Listed entries ▸
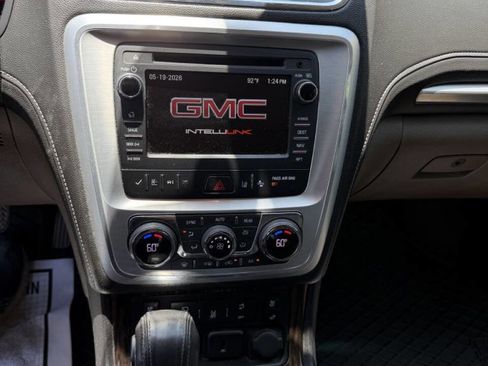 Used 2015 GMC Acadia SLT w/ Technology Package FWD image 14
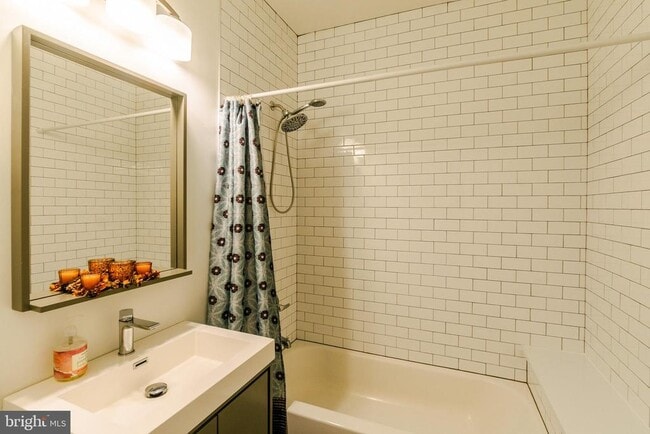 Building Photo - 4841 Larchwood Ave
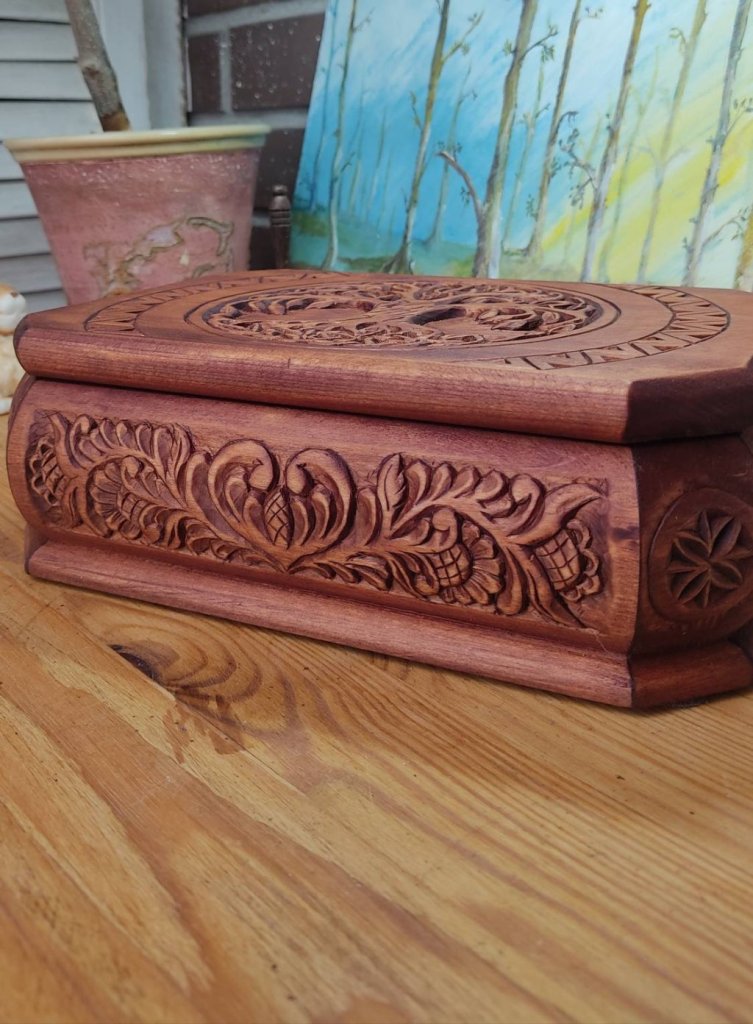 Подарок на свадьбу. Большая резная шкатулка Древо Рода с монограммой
---
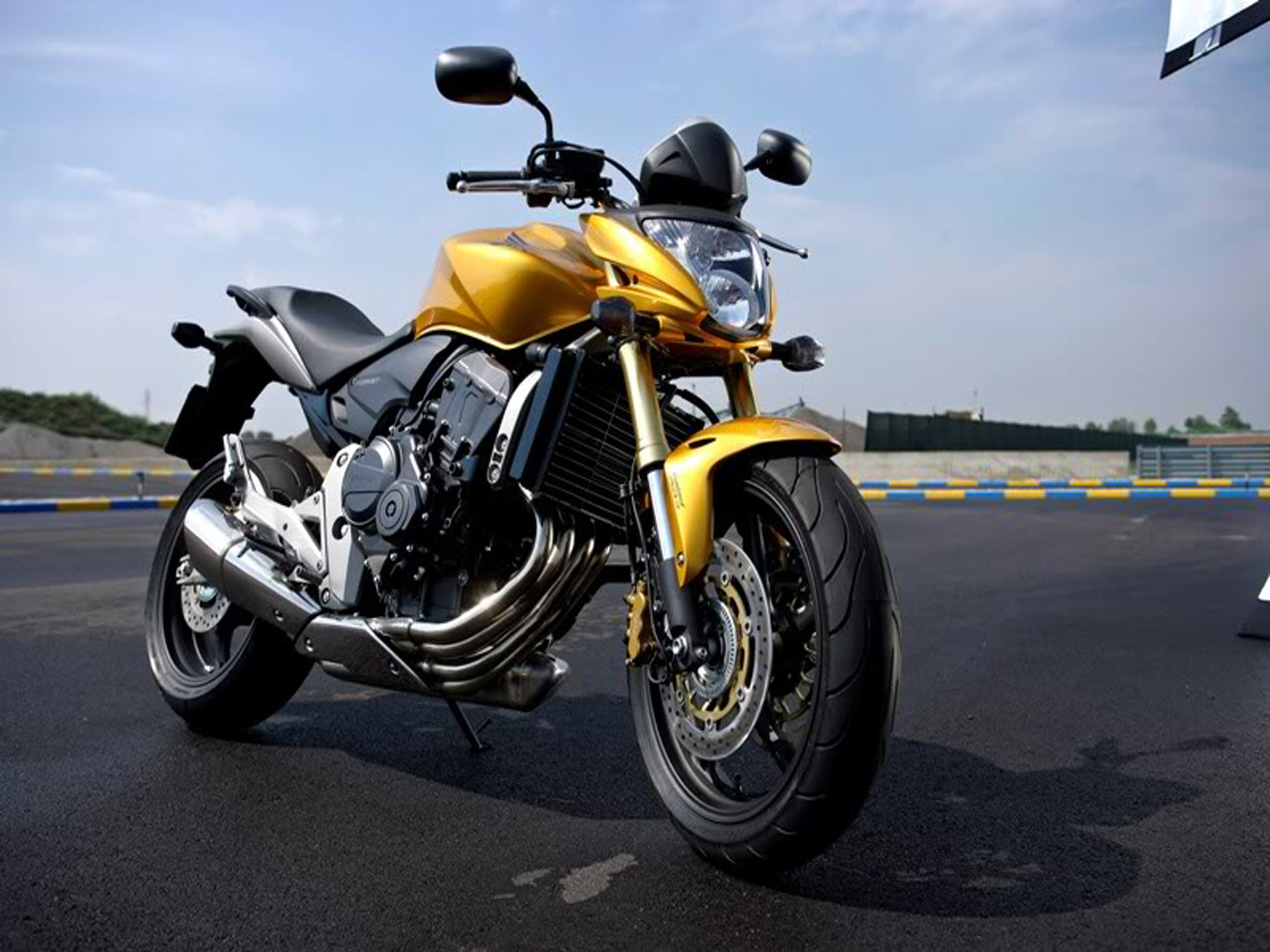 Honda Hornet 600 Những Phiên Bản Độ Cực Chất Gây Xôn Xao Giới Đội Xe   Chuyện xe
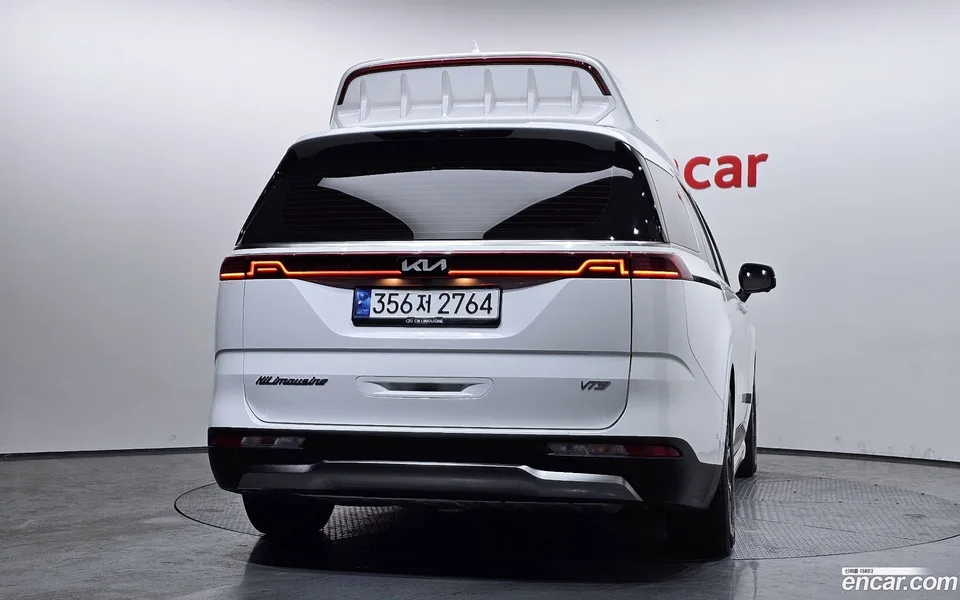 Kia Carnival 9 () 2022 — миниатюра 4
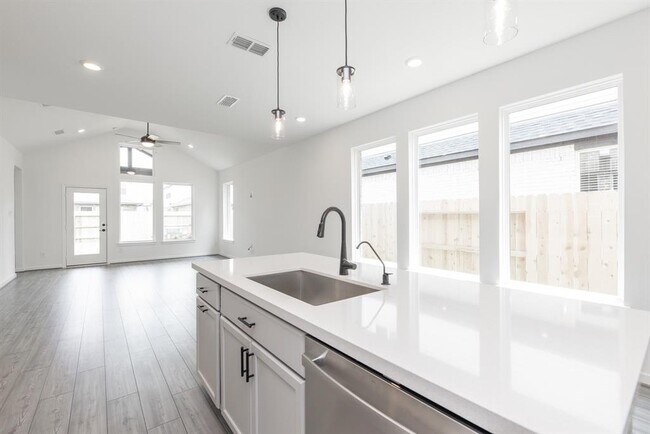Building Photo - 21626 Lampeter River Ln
==
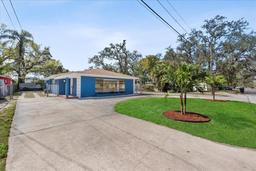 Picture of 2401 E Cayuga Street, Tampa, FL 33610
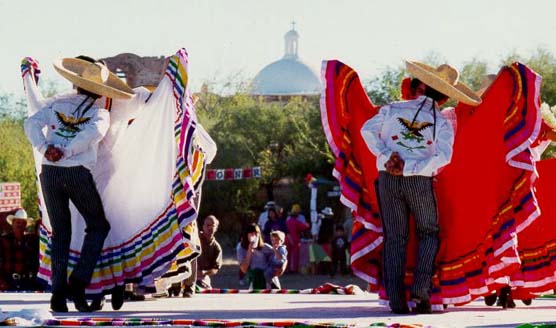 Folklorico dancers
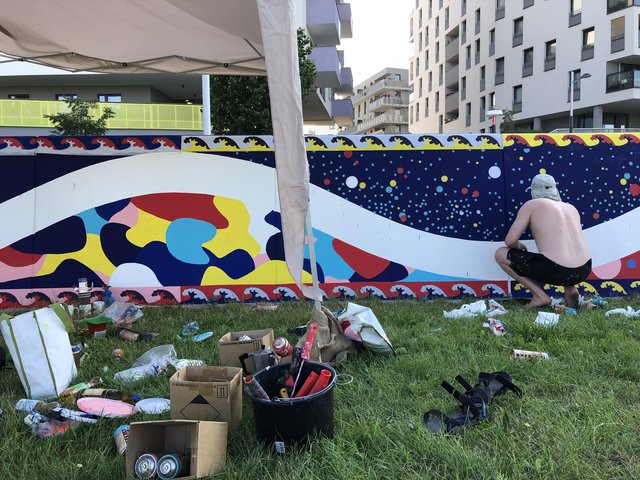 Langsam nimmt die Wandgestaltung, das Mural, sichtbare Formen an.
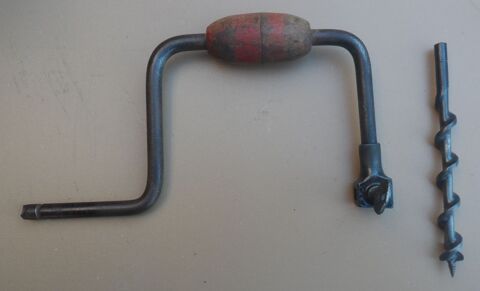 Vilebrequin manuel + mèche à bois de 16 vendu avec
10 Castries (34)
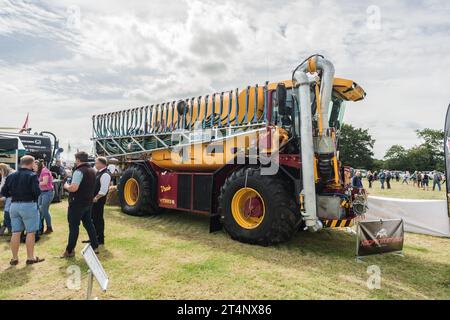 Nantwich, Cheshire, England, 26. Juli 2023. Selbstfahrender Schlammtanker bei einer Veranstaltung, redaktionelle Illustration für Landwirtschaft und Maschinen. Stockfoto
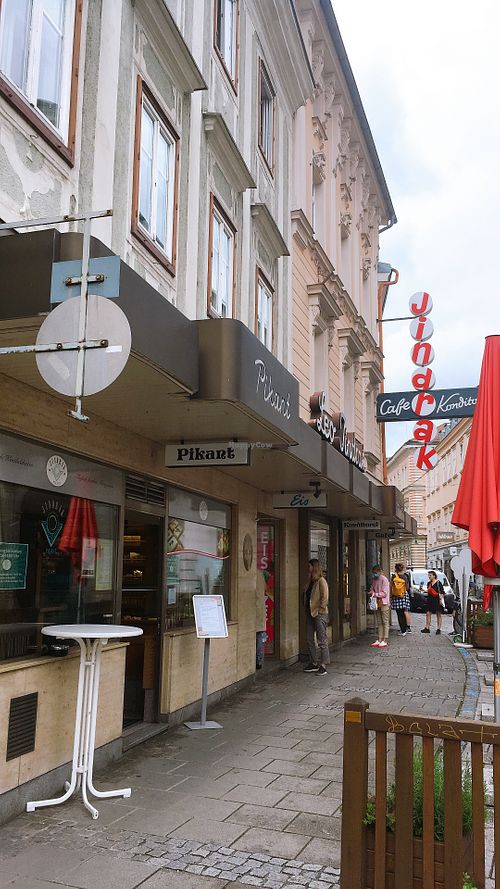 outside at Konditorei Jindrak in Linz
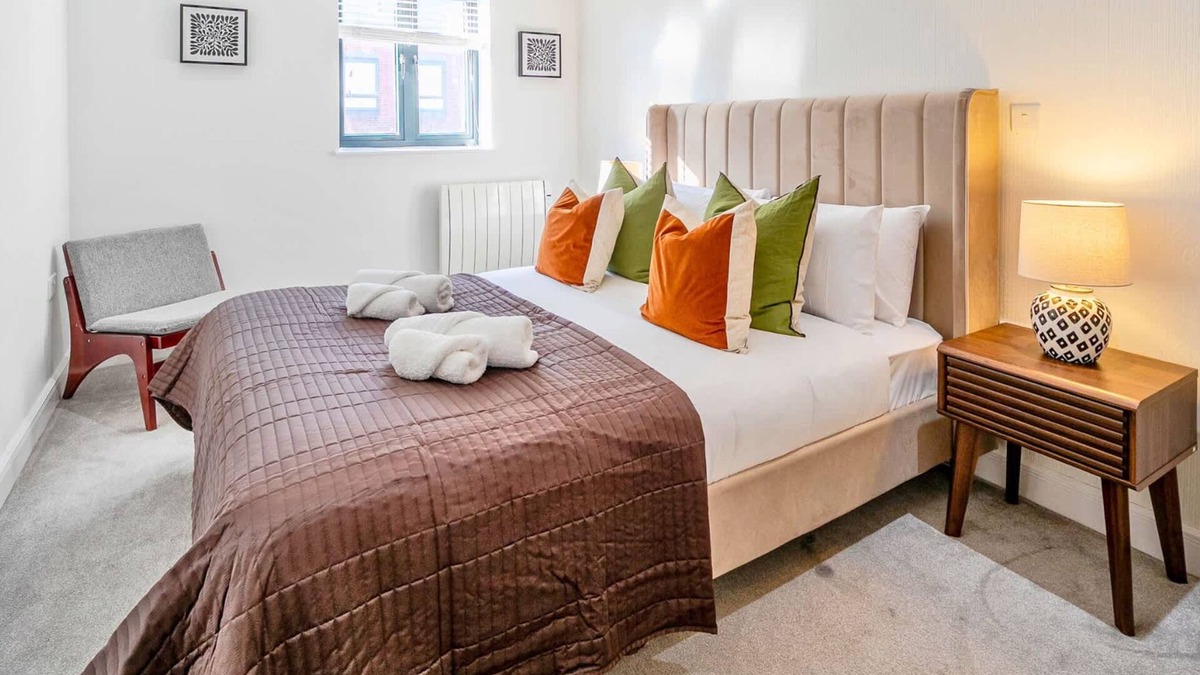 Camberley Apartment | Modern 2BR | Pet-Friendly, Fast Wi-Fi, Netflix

Work task ▸
Beginning with the line that contains "Langsam nimmt die", write out the lines of the material above exactly, and end with the line that contains "Camberley Apartment |". Omit the pictures.

Exercise result ▸
 Langsam nimmt die Wandgestaltung, das Mural, sichtbare Formen an.
 Vilebrequin manuel + mèche à bois de 16 vendu avec
10 Castries (34)
 Nantwich, Cheshire, England, 26. Juli 2023. Selbstfahrender Schlammtanker bei einer Veranstaltung, redaktionelle Illustration für Landwirtschaft und Maschinen. Stockfoto
 outside at Konditorei Jindrak in Linz
 Camberley Apartment | Modern 2BR | Pet-Friendly, Fast Wi-Fi, Netflix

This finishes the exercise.